- Opening Delimiter -
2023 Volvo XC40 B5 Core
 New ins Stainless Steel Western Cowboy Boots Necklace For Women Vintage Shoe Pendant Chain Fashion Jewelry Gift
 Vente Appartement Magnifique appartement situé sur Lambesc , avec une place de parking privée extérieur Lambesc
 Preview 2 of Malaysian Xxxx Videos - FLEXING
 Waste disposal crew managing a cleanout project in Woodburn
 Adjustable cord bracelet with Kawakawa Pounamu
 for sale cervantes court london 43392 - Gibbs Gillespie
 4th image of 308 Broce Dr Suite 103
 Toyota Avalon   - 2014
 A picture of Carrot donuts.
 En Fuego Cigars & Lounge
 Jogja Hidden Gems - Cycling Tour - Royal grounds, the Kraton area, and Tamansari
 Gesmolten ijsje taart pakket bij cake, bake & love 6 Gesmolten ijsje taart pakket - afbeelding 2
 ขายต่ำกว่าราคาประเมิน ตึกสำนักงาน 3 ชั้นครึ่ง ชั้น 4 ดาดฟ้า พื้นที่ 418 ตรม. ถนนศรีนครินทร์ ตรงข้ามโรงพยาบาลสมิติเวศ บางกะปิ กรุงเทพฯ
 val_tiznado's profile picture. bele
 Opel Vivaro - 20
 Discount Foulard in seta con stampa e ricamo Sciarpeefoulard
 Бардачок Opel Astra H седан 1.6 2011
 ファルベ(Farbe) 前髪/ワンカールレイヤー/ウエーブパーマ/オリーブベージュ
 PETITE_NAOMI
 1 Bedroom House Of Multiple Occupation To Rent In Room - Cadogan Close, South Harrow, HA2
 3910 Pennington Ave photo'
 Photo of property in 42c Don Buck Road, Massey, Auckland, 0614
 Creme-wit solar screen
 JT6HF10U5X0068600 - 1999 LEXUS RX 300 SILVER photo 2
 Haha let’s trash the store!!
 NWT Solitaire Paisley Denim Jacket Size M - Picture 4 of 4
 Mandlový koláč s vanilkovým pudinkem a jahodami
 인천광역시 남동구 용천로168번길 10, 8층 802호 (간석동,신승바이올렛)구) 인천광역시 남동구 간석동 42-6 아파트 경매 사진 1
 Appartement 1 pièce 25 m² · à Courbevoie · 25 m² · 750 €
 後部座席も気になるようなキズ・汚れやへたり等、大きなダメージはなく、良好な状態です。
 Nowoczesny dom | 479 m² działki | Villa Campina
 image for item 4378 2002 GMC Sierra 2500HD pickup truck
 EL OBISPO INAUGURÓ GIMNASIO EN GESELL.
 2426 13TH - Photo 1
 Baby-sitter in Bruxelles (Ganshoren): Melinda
- Closing Delimiter -
• [HOW TO COMPLETE THIS TASK]: Scan the records above. Return every line with "image" in it.

• [ANSWER BELOW]:
 4th image of 308 Broce Dr Suite 103
 image for item 4378 2002 GMC Sierra 2500HD pickup truck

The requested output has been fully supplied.